• **ABOUT THIS EXERCISE**: Repeat each line of the data below exactly, but skip the pictures.

• **SOURCE MATERIAL**:
********

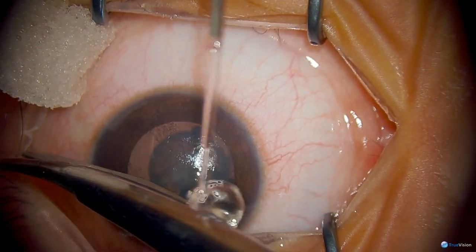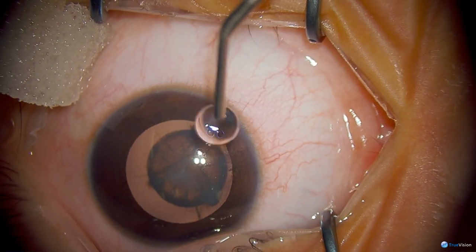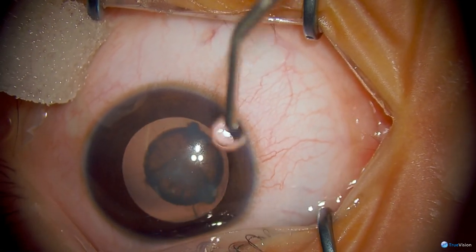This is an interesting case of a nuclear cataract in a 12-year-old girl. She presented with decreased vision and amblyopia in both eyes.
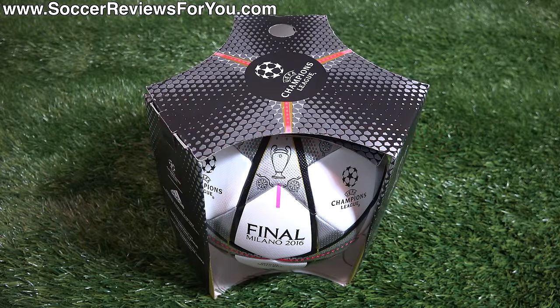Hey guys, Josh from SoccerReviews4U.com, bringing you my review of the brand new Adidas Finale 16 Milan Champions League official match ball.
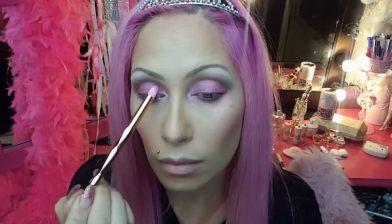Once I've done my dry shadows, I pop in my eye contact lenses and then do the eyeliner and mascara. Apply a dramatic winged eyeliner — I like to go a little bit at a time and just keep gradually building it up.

********

• **RESULT FOR THIS EXERCISE**:
This is an interesting case of a nuclear cataract in a 12-year-old girl. She presented with decreased vision and amblyopia in both eyes.
Hey guys, Josh from SoccerReviews4U.com, bringing you my review of the brand new Adidas Finale 16 Milan Champions League official match ball.
Once I've done my dry shadows, I pop in my eye contact lenses and then do the eyeliner and mascara. Apply a dramatic winged eyeliner — I like to go a little bit at a time and just keep gradually building it up.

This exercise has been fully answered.